I'm Different

Yes, I am different. I'm dyslexic, and I analyze the world around me much differently than most. I sense and see my surroundings in a different light than you. I have a learning disability that will be with me for life. I have spent a life trying to conform to a world that doesn't know my limitations. Not long ago this thing called dyslexia was not understood, and this day some still do not comprehend this disability. Many of us have been labeled bewildered and confused. The dyslexic mind, however, develops special abilities; it can drift away into dreams that have never been dreamt before, into unknown realms.

Once a young boy bore this label too. His parents were told that he just could not learn. His mind would drift away, and his attention was not on his schoolwork. It was thought impossible for him to be taught anything. He was even whipped by his teacher for asking too many questions. One day he stormed home to his parents. He could not deal with the treatment and the humiliation that school brought any longer. He struggled with his learning disability, which was an obstacle that his teachers and classmates did not understand. His mother met with his teacher, and she was told that her son would never amount to anything. It was doubtful that he would even make a day laborer; he just "couldn't learn". She became angry with the teacher, and she took her son out of school, and decided to home-school him. Later in life he attended two more schools, but he could not deal with the humiliation that his learning disability caused. School became so agonizing that most all of his childhood, learning took place at home.
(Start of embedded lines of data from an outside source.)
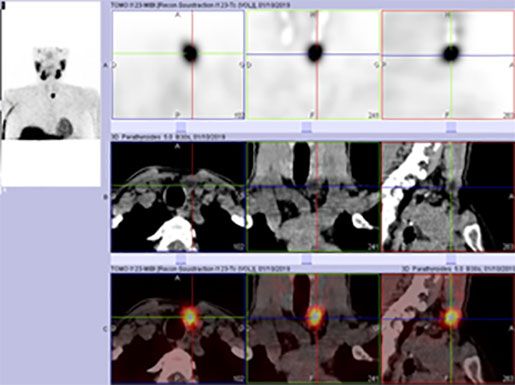 Primary hyperparathyroidism, MIBI scintigraphy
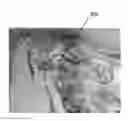 Fig. 01 - Method and system for vascular landmark detection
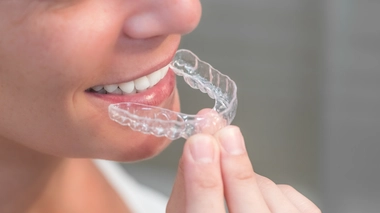 Des gouttières pour des dents bien alignées !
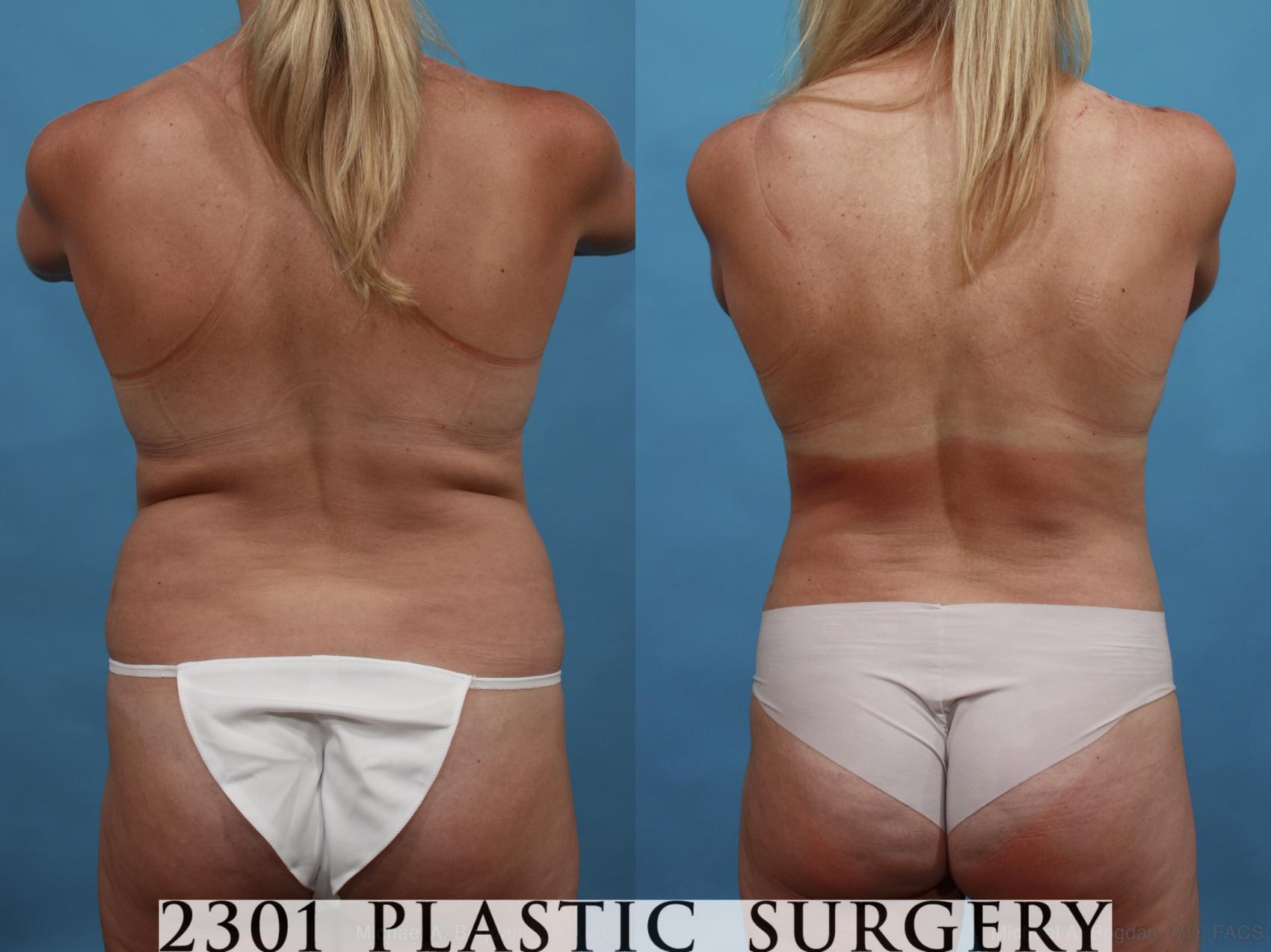 Before & After Mommy Makeover Case 547 View #6 View in Fort Worth & Frisco, Texas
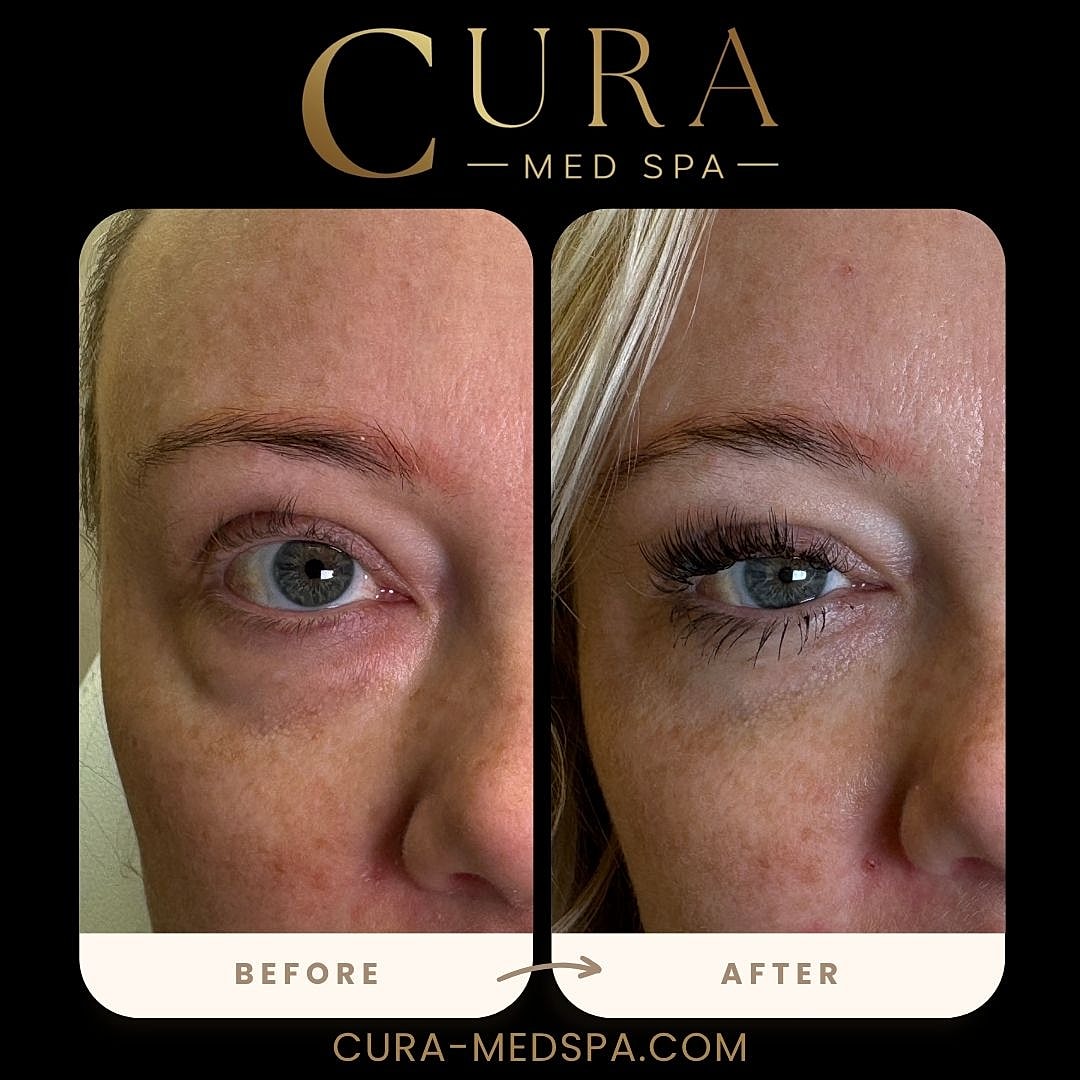 Regenerative Growth Factor Therapy (PDGF) Gallery Before & After
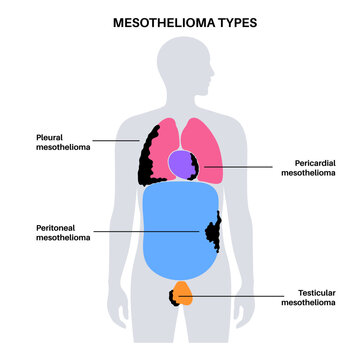 Mesothelioma tumor types Generative AI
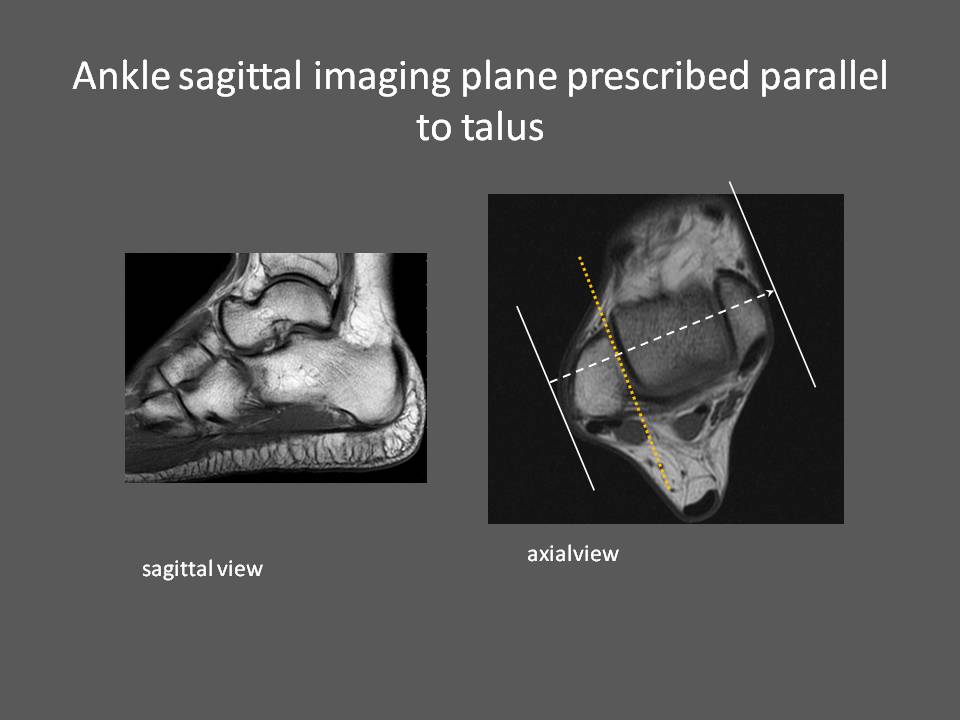 Mri Ankle How We Do It How Is Mri Ankle Done At Mater Dei Hospital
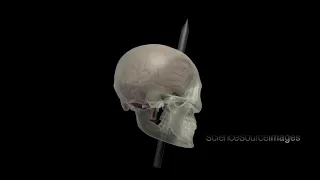 PHINEAS GAGE AND HIS BRAIN INJURY, ANIMATION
This boy became a man, and his dyslexic mind was a gifted one. He has profoundly influenced modern life through inventions such as the phonograph and the motion picture camera. During his lifetime, he acquired 1,093 patents, and marketed many of his inventions to the public. He was not only a renowned inventor, but also a prominent manufacturer and businessman through the merchandising of his inventions.

He believed in hard work, sometimes working twenty hours a day. He was quoted as saying, "Genius is one percent inspiration and 99 percent perspiration." The most famous of his inventions was the incandescent light bulb.

In tribute to this important man, electric lights in the United States were dimmed for one minute on October 21, 1931, a few days after his death. His name was Thomas Alva Edison, " The Wizard of Menlo Park." He had been called "addled," which means confused or mixed up while in the classroom.

You see the dyslexic mind is not defective, but it can cause the learning of math and language to be very difficult tasks. Many adults in this country are born with dyslexia and can find a simple task, that of writing a check at the checkout counter, developing into a difficult, embarrassing experience when suddenly the spelling of numbers or words cannot be remembered or brought to mind.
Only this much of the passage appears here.